Race and the law in the age of Stevens and Sotomayor

Featured, Politics — By Duchess Harris on April 19, 2010 at 08:00

For the members of William Mitchell’s Law Raza Journal Editorial Board, the appointment of Puerto Rican judge Sonia Sotomayor’s nomination and ascension to the Supreme Court, along with the subsequent news that Justice Stevens is retiring and will be replaced forthwith, are key indicators that affirm the need for this journal.

Justice John Paul Stevens

The significance and the symbolism of the Sotomayor appointment are profound; the first African American president conferring the mantle of Supreme Court Justice on the first Latina to hold such a position represented a formal and critical acknowledgment that public life in the United States is no longer merely black and white.  Yet we also recognize and emphasize emphatically that Justice Sotomayor’s appointment to this nation’s highest bench is not merely a token action, a nod to the increasing diversity of this nation.

Indeed, even the most casual observer of Justice Sotomayor’s confirmation hearings can confirm the fact that the very nomination of Sotomayor raised urgent questions about Latinos’ participation in public life, in decision-making, in shaping public policy.  And her confirmation did not resolve these questions; it merely admitted her to a bench of influencers to engage these questions on an ongoing basis through the formal discourse of the Supreme Court.

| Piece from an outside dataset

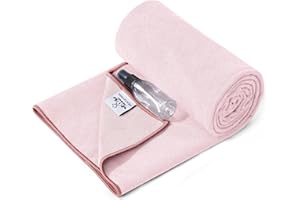 Heathyoga Yoga Mat Towel Non Slip for Hot Yoga Towel with Silicone Grip & Free Spray Bottle, 72"X26" Extra Large Microfiber Yoga Towel for Bikram, Pilates, Fitness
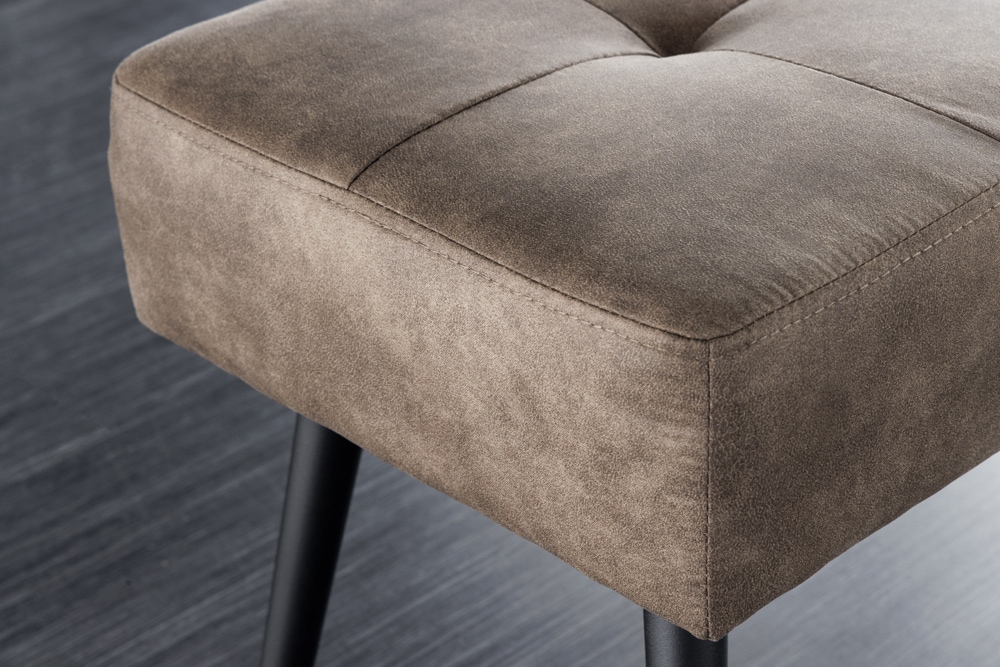 Design Sitzbank BOUTIQUE 100cm antik taupe Microfaser schwarze Metallbeine Polsterbank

Law Raza fills a gap in the existing canon of scholarly legal journals is because to date, few journals have incorporated the voices of Latino scholars and other academics of color.  Furthermore, they have largely failed to reach out actively to quite literally cross borders.  Journals published in the United States are generally preoccupied only with what is happening here, overlooking the ways in which legal issues in neighboring countries intersect with and influence our own and vice versa. To that end, you can expect to see Law Raza’s editorial board inviting participation from legal scholars both here in the United States and in the “other” America.

Law Raza is a welcome and critical addition to the range of legal journals currently published is because the United States, both it’s government and it’s citizens, are growing ever-more aware that we, the “neighbors to the North,” know disturbingly little about our neighbors to the South.

Law Raza, then, is an academic, intellectual taking up of arms.  The articles you can expect to see in the pages of this virtual journal are inarguably scholarly, but they are also unapologetic in their insistence that the supposed objectivity with which legal issues tend to be treated in journals is just that: supposed, more aspirational fantasy than real-life possibility.

The editorial board demands that the critical issues that affect our communities be engaged critically. What this means, with respect to the content of Law Raza, is that a representative sample of articles we publish will be conveyed by a first-person narrator who is the author, working through legal issues and dilemmas in which first-hand experience and knowledge produce both nagging questions and the need to find answers by engaging an issue critically in a public forum where the audience—namely, you, the readers—can shape the narrative and its resolution.

The contributors to Law Raza are diverse, but they share the desire to take their own experiences, both personal and professional, and to hold them up to the light, turning them over and over, examining them to determine what, exactly, they are seeing, and how their observations can be useful and relevant to others.  You, readers, are a vital part of the meaning-making process, and we invite you to engage critically in dialogue with us.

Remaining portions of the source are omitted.